§ TRY IT
Below is a listing. Set down exactly the lines from the one containing "继电器式大灯增亮器线路图(扫盲帖)" through the one containing "何伯昌王陈养楷书个性签名怎么写", both ends included, and leave out the rest.

§ SUPPLIED MATERIAL
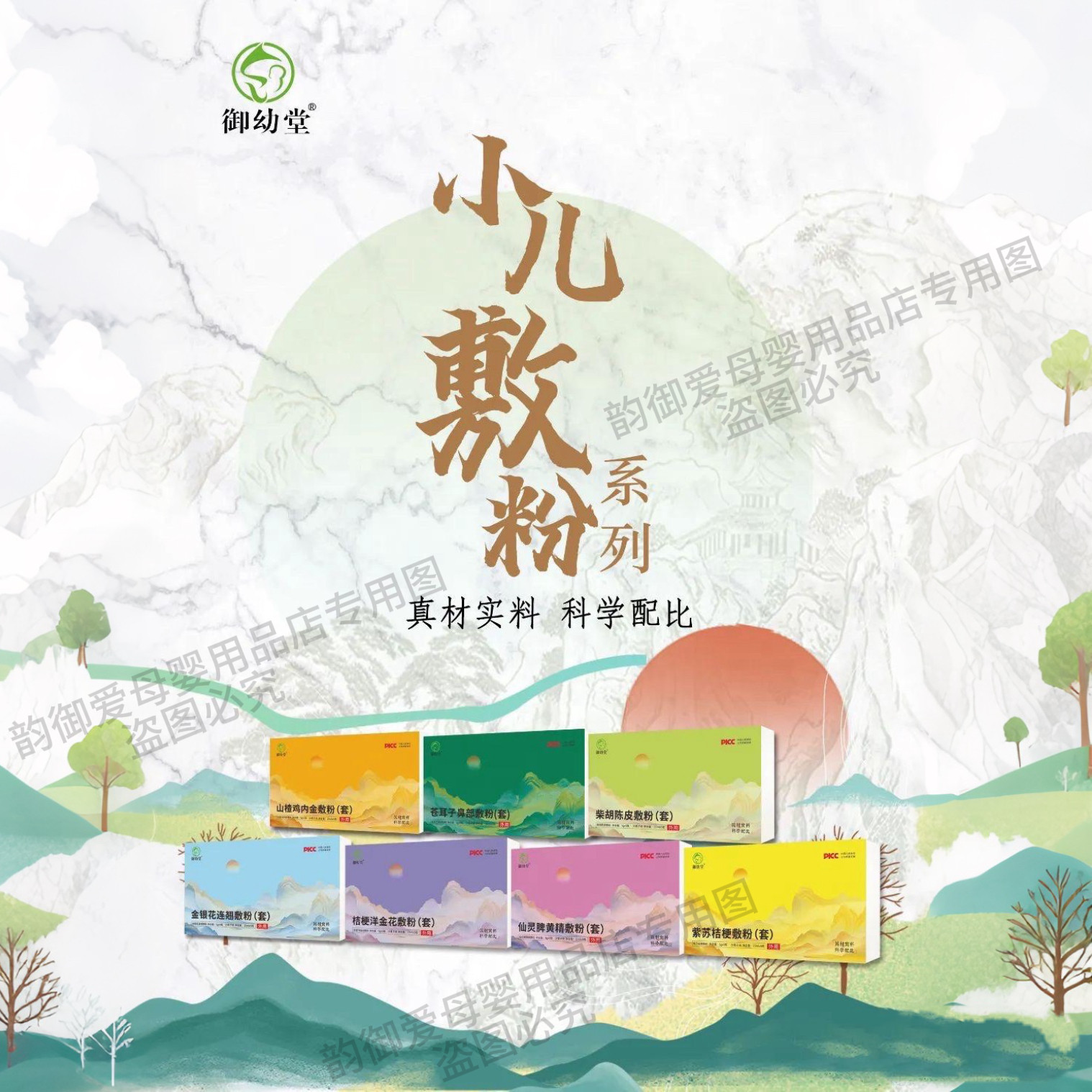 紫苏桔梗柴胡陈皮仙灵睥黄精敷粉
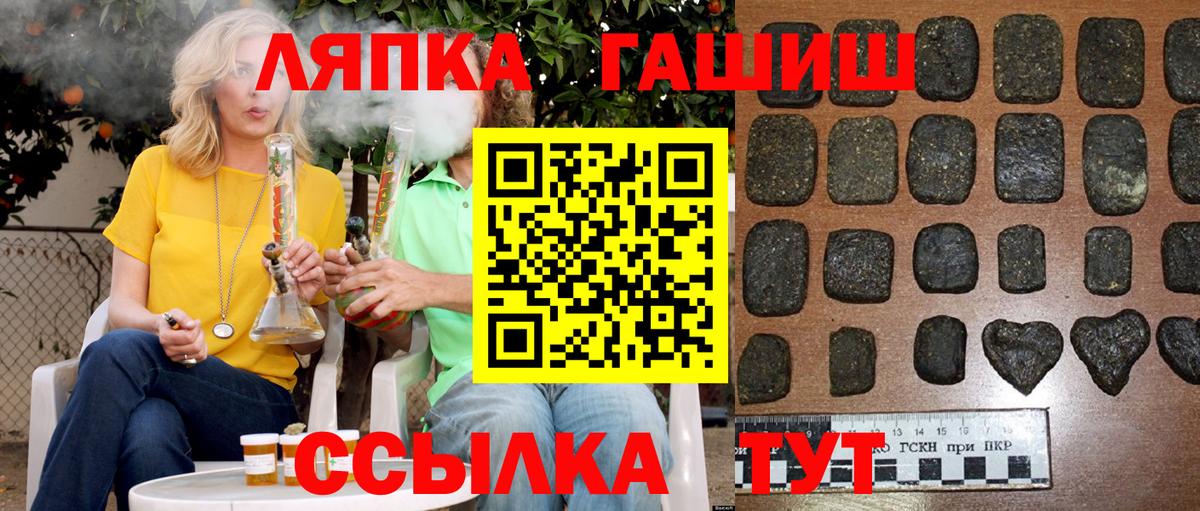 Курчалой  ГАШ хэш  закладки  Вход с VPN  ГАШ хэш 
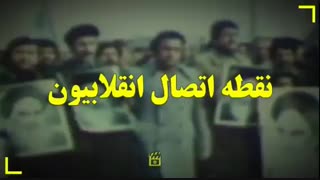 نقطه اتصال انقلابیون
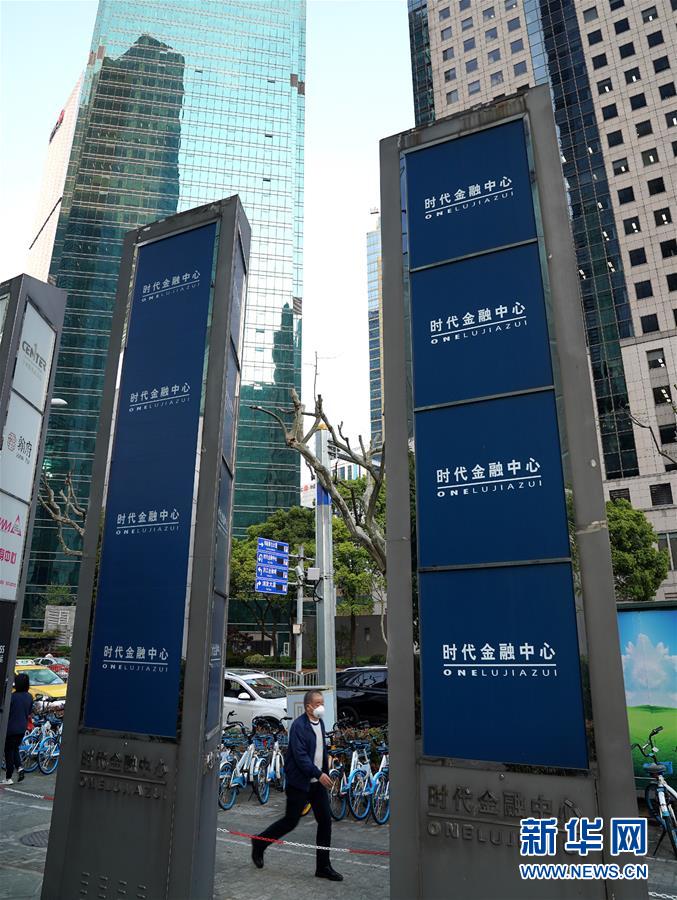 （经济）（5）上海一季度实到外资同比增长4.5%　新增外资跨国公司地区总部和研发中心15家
---
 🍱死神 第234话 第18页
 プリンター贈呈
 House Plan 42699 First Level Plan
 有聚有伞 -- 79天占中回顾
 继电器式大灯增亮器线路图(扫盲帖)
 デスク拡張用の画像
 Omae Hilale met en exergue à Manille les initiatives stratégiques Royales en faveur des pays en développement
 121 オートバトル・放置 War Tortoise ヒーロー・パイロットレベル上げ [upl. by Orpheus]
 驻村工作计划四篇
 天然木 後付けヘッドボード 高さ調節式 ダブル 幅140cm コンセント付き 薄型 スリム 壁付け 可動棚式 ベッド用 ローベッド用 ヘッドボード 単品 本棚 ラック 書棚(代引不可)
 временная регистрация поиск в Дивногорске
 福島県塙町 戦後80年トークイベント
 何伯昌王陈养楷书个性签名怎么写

§ RESPONSE AREA
 继电器式大灯增亮器线路图(扫盲帖)
 デスク拡張用の画像
 Omae Hilale met en exergue à Manille les initiatives stratégiques Royales en faveur des pays en développement
 121 オートバトル・放置 War Tortoise ヒーロー・パイロットレベル上げ [upl. by Orpheus]
 驻村工作计划四篇
 天然木 後付けヘッドボード 高さ調節式 ダブル 幅140cm コンセント付き 薄型 スリム 壁付け 可動棚式 ベッド用 ローベッド用 ヘッドボード 単品 本棚 ラック 書棚(代引不可)
 временная регистрация поиск в Дивногорске
 福島県塙町 戦後80年トークイベント
 何伯昌王陈养楷书个性签名怎么写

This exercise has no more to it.